L’immaginario

L’emigrazione dalle Marche inizia più tardi rispetto alle altre regioni d’Italia e la mezzadria è il motivo di tale ritardo. Questo particolare contratto agricolo basato sulla divisione degli utili tra un padrone e un mezzadro resiste ancora, mentre l’economia agricola italiana crolla. Gli ultimissimi anni dell’ottocento registrano un forte aumento delle tassazioni tanto da mettere in crisi anche questo saldo contratto agricolo, tantochè il primo picco delle partenze si registra tra il 1894 e il 1897. A partire dall’inizio del Novecento le Marche diventano la seconda regione italiana del centro-nord, dopo il Veneto, che registra il maggior numero di migranti che lasciano il proprio paese per cercare fortuna all’estero. Si parla anche di emigrazione monodirezionale perché prevalentemente rivolta verso una meta: l’Argentina.

A partire non sono solo contadini, ma tutti coloro che vedono minacciato il loro lavoro e le proprie condizioni di vita, seppure modeste, dall’aumento delle tassazioni e dall’avanzare della grande produzione industriale nell’Italia dei primi del Novecento.

Gli espatri sono di vario genere, brevi, lunghi e a volte addirittura definitivi quando si riesce a spostare l’intera famiglia. Con lo scoppiare della Prima Guerra Mondiale i flussi migratori si interrompono.
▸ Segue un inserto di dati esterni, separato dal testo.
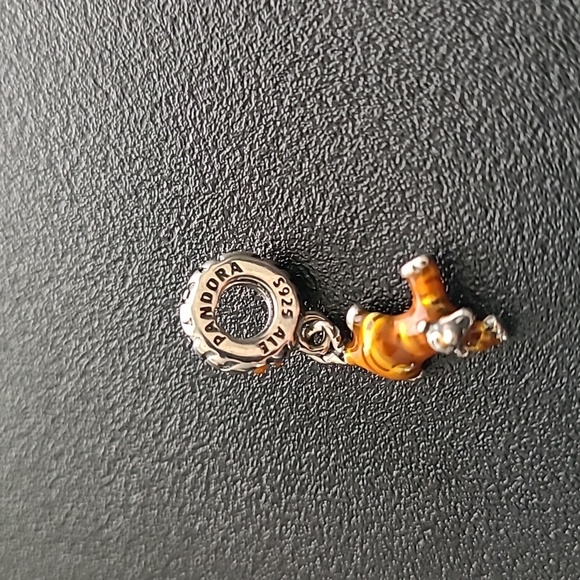 Pandora 925 Silver Charm Disney's Tigger, dangling upside down New - Picture 3 of 3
Dopo la seconda Guerra Mondiale si assiste ad una nuova ondata migratoria rivolgendosi sempre verso le stesse mete che, oltre all’Argentina e agli Stati Uniti, comprendono questa volta anche la Francia, la Germania, la Svizzera, il Canada e l’Australia.

Dal 1876 sono emigrate ufficialmente dalle Marche oltre 700mila persone e questo museo è dedicato proprio alla loro storia.